I have heard many stories about siblings and their ability to speak for one another. Usually, people speak about their toddler’s uncanny ability to understand what their infant sibling needs, wants, cries for. This wasn’t really the case in our house – while my son is smart, intuitive, and empathetic towards others, he didn’t do a lot of “translating” when his sister was a baby. Truthfully, it was a good thing. Post partum depression had already made me feel incompetent enough, I think the last thing I could have handled was my 21 month old telling me what the baby needed.
Morgan is an active, smart, 22 month old without any development delays. But in comparison to Jake (yes, bad mama, don’t compare), she has been slower to ‘use her words’. She clearly understands almost everything we say, so I knew something was brewing.
Around her 20th month of life, I was putting her sneakers on. All of the sudden, this little voice said, plain as day, “No, mama.
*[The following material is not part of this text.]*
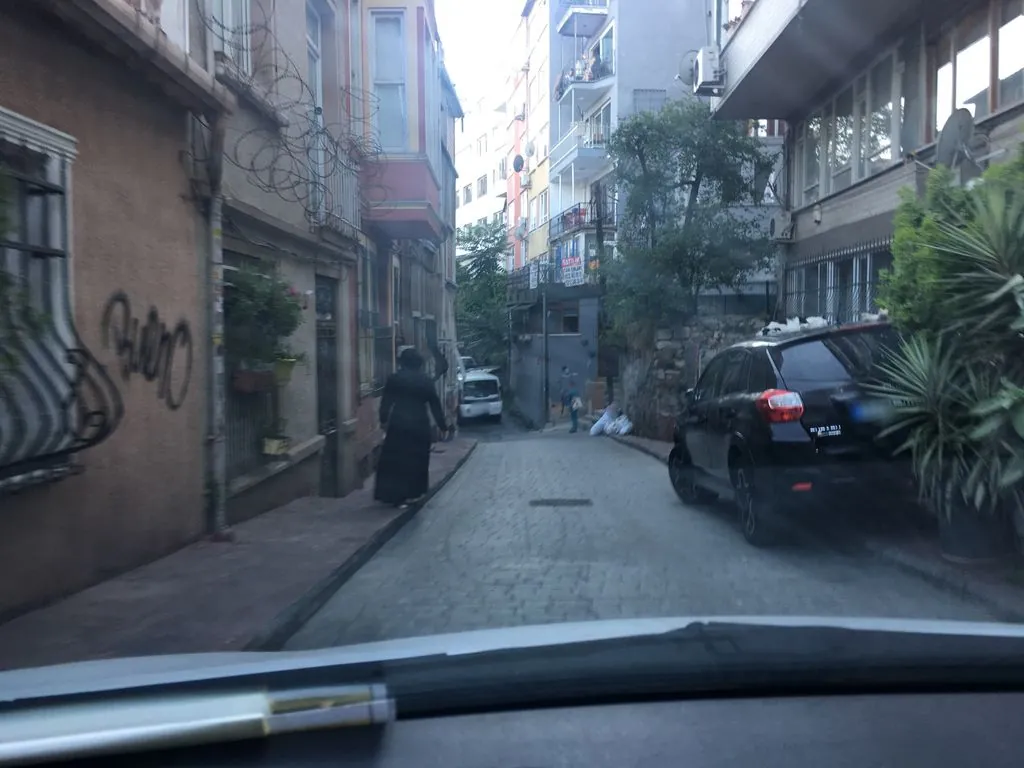 Can Şarküteri Ve Market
I don’t want those shoes”. A few days later, “No, I want chocolate milk”. Uh yeah. Words are for the bold and brassy little girl, the bold toddler. Whatever happened to words like “ball” and “car” and “doll”?
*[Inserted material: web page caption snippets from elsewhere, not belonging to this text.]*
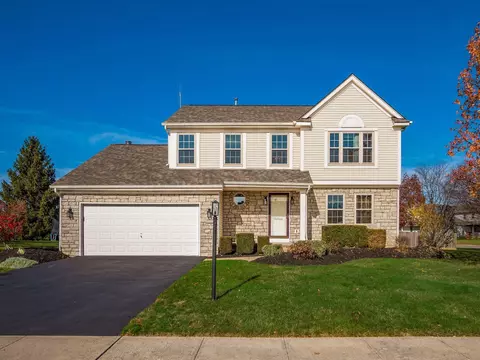 2180 Blue Bell Ln, Grove City, OH 43123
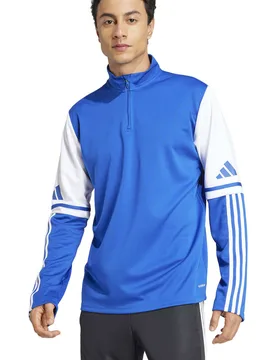 Squadra25 sudadera hombre Azul (L) - Adidas - FashionsVida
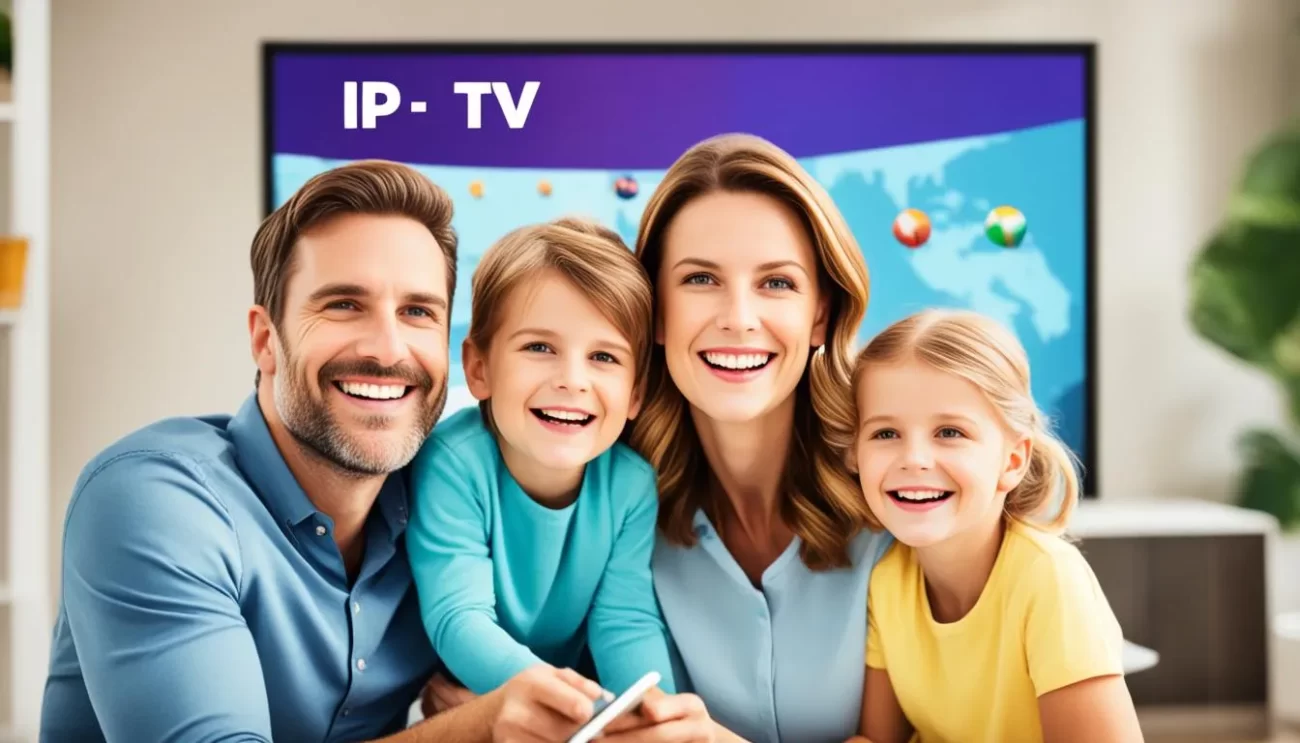 IPTV subscriptions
However, it wasn’t a constant thing. She used these long elaborate sentences when she wanted something, but would use her signs and non verbal cues more frequently than words. Yesterday it all changed. Out of no where, she was sitting in the back of the car, singing, chatting, pointing to objects and announcing their presence. “Tree, guitar, car, truck, garbage, bird, road, stop, light, sign”. Yeah, the words kept coming. She knew the choruses of most of the songs on the kids CD. All of the sudden, she was in a whole new world.
When she was an infant, she’d attempt to say “grandma”. One day she just stopped. We actually surmised back then that she stopped saying it because it was too hard of a word and she didn’t want to say it wrong. Neurotic? Perfectionist? Uh, yeah, she’s her mother’s daughter.
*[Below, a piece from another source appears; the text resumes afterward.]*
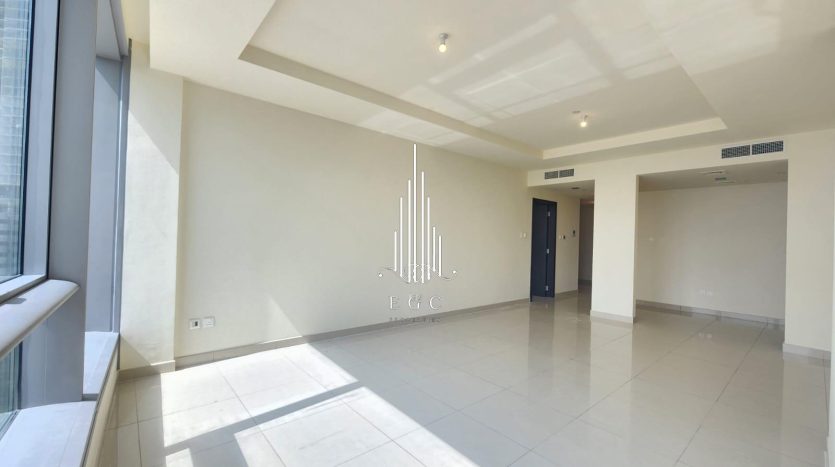 Apartment on Al Reem, Abu-Dhabi, 1 bedroom, 87.2 m2  | Foto 3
So the talking begins. Oh, and not to be outdone, Jake turned on the 3-year-old chatter as well. Insights into his imagination, which spreads far and wide. From socket wrenches that shot out various objects including witches, deer, music boxes, and toys; to Disney songs where silly words were exchanged for real ones; to stories about his stuffed dog Bailey; the stories went on…and on….and on. From the time Morgan went to bed until the time I left his room – 2 hours later.
It’s no wonder I’m exhausted! But I wouldn’t trade these words for anything.